Wells Fargo’s prime jumbo mortgage trust platform is downsizing its latest deal compared to its first transaction of the year. But the $553.6 million transaction still represents one of the biggest offerings of large-balance home loans among other prime jumbo MBS offerings in the past year.
Wells Fargo Mortgage Backed Securities 2019-2 is a pool of 836 first-lien, fixed-rate loans with an average loan size of $662,193 to borrowers with a weighted-average FICO of 780, according to Moody’s Investors Service (Fitch Ratings reported a WA FICO of 772, still indicative of “very high credit-quality borrowers,” the agency’s presale report stated).
That pales in comparison to WFMPS 2019-1 (1,017 loans, with a total balance of $711.6 million or $699,766 per account), but is larger than other 2019 issuers including JPMorgan, Goldman Sachs, Redwood Trust and Starwood Capital Group.
(Goldman’s
JPMorgan has the highest total deal volume at $1.9 billion this year, but that is across four transactions.

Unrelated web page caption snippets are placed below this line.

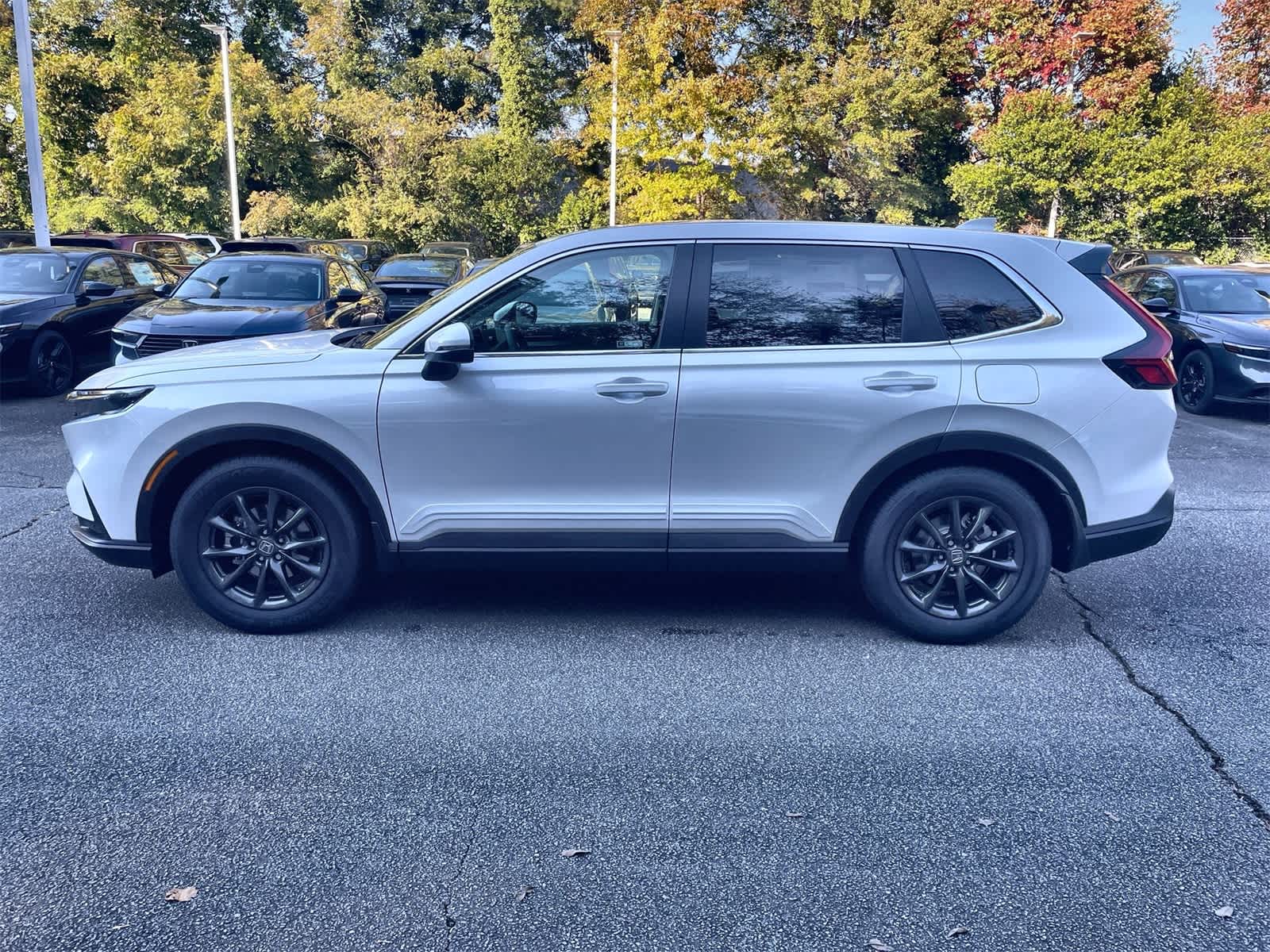 2026 Honda CR-V EX-L photo 2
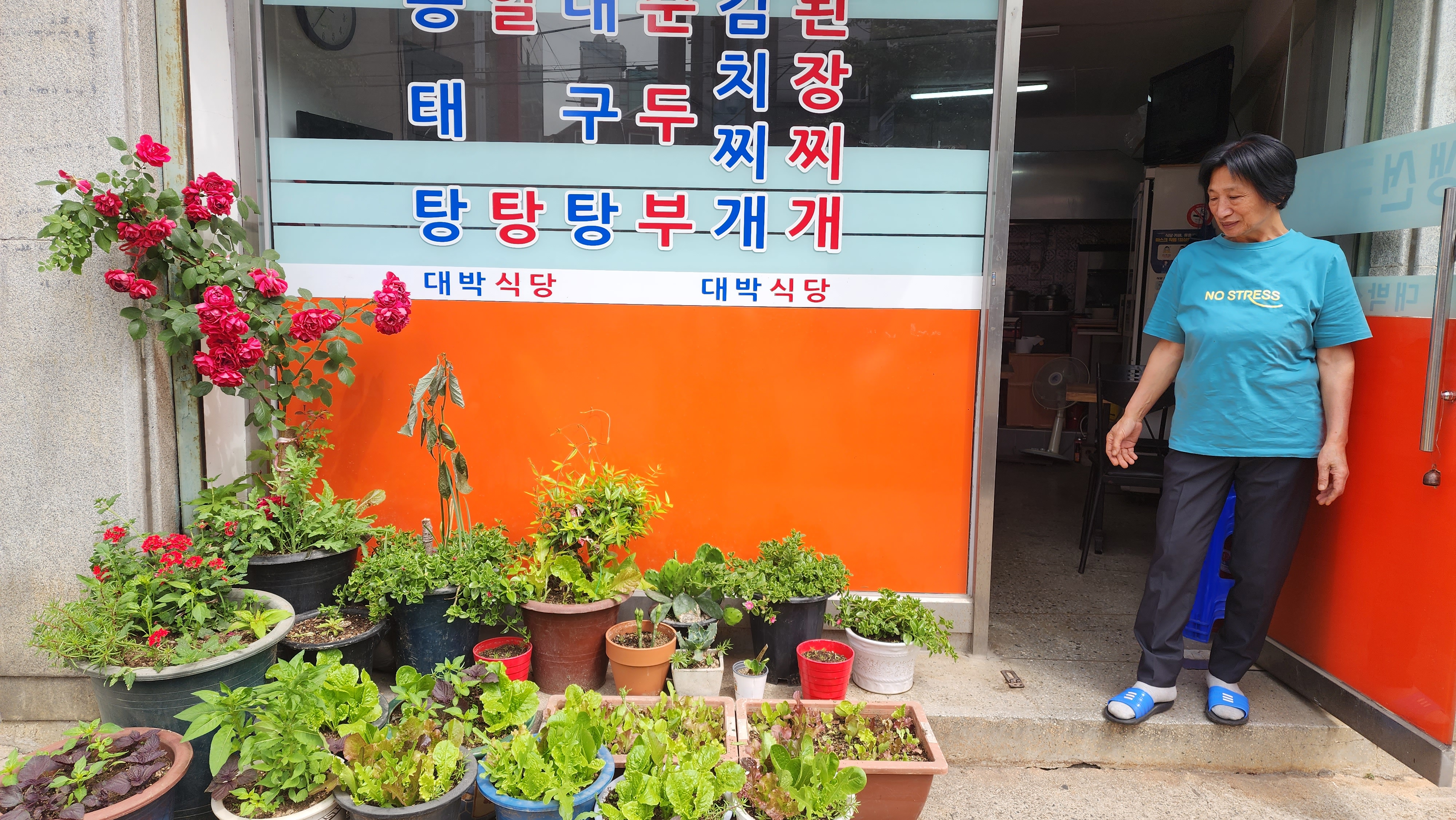 대박식당포차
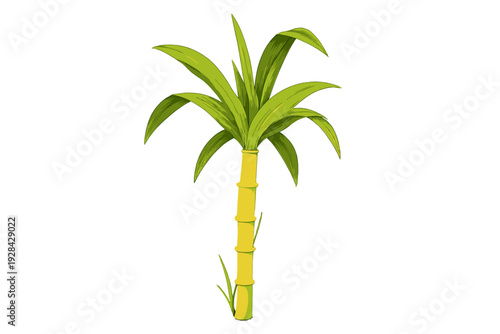 A digital illustration of a single sugarcane plant featuring a yellow segmented stalk and long green leaves at the top, set against a solid black background.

U.S. prime jumbo securitization volume for the year stands at approximately $4.2 billion.
Wells is issuing only its third post-crisis prime jumbo securitization since jumpstarting the platform last year, according to Moody’s Investors Service. The Wells transaction includes 20 classes of triple-A rated notes as rated by Moody’s; Fitch Ratings also issued AAA ratings for the various Class A tranches, and also rated the five small Class B subordinate tranches with ratings ranging from AA to BB.
All of the loans, which have a WA loan-to-value ratio of 73.3%, were originated by Wells Fargo Home Lending (one of the largest mortgage originators in the country), with 77% through its retail channels. All are covered under the safe harbor provision of the Dodd-Frank Act’s qualified mortgage rule, and have an average seasoning of four months. About 63.7% are concentrated in five states: California, New York, Washington, New Jersey and Virginia.
While most of the loans (91.2% of the pool) are designated as owner-occupied, 7.24% of the pool are second homes. Borrowers with two or more properties represent 31.7% of the pool by balance, and those with two-to-three are 30.2%. Multiple mortgaged properties makes borrowers more likely to default, according to Moody’s, “but high income borrowers with stable employment may support debt payments on vacation properties.”
According to Moody’s, 15.4% of the loan balances were refinancings.
Moody’s has expected base-case net losses of 0.25% for the pool. Fitch has a base case given-loss scenario of 0.1%.